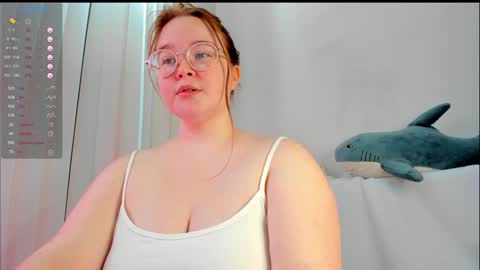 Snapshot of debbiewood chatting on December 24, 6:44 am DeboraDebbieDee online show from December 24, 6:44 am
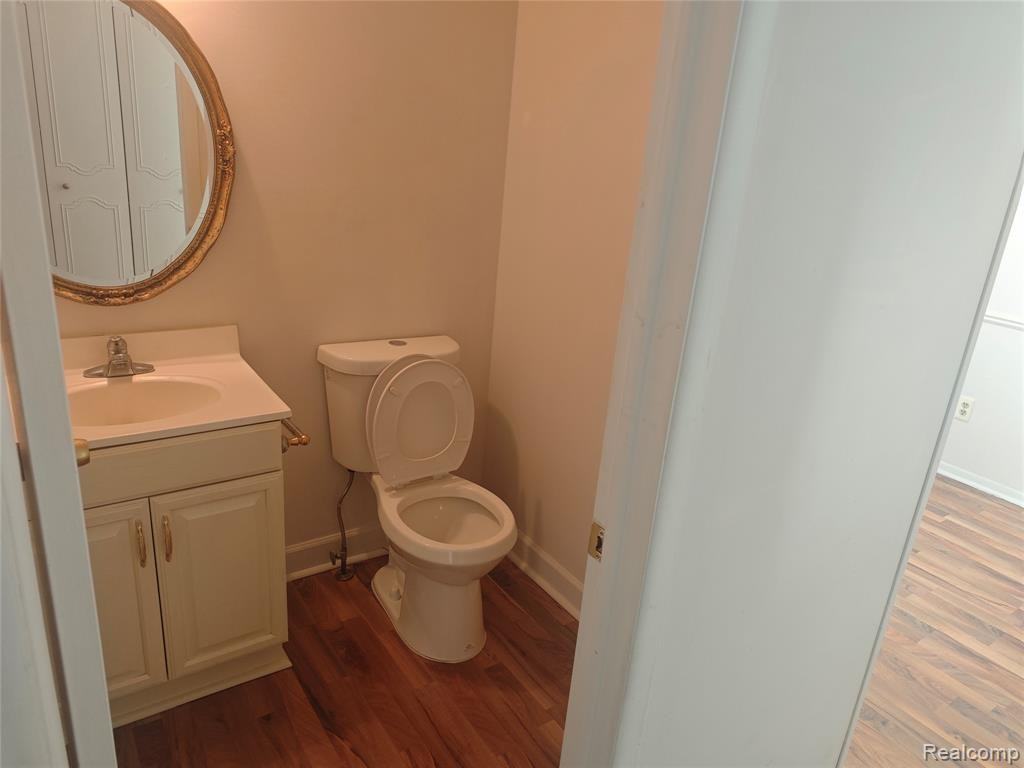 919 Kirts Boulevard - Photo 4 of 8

---

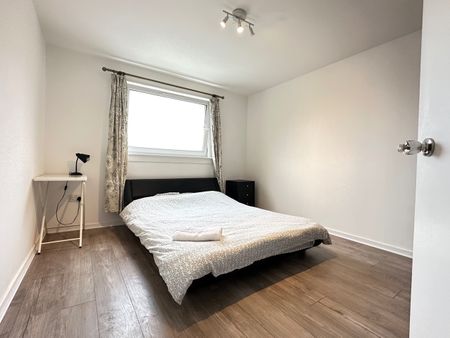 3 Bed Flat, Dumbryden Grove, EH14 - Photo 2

...

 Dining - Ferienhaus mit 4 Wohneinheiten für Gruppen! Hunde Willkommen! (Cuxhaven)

= What you will do =
Working from the entries above, reproduce exactly and only the lines beginning with the line that has "Snapshot of debbiewood" and ending with the line that has "919 Kirts Boulevard - Photo 4 of 8"; omit all pictures.

= Answer for this exercise =
 Snapshot of debbiewood chatting on December 24, 6:44 am DeboraDebbieDee online show from December 24, 6:44 am
 919 Kirts Boulevard - Photo 4 of 8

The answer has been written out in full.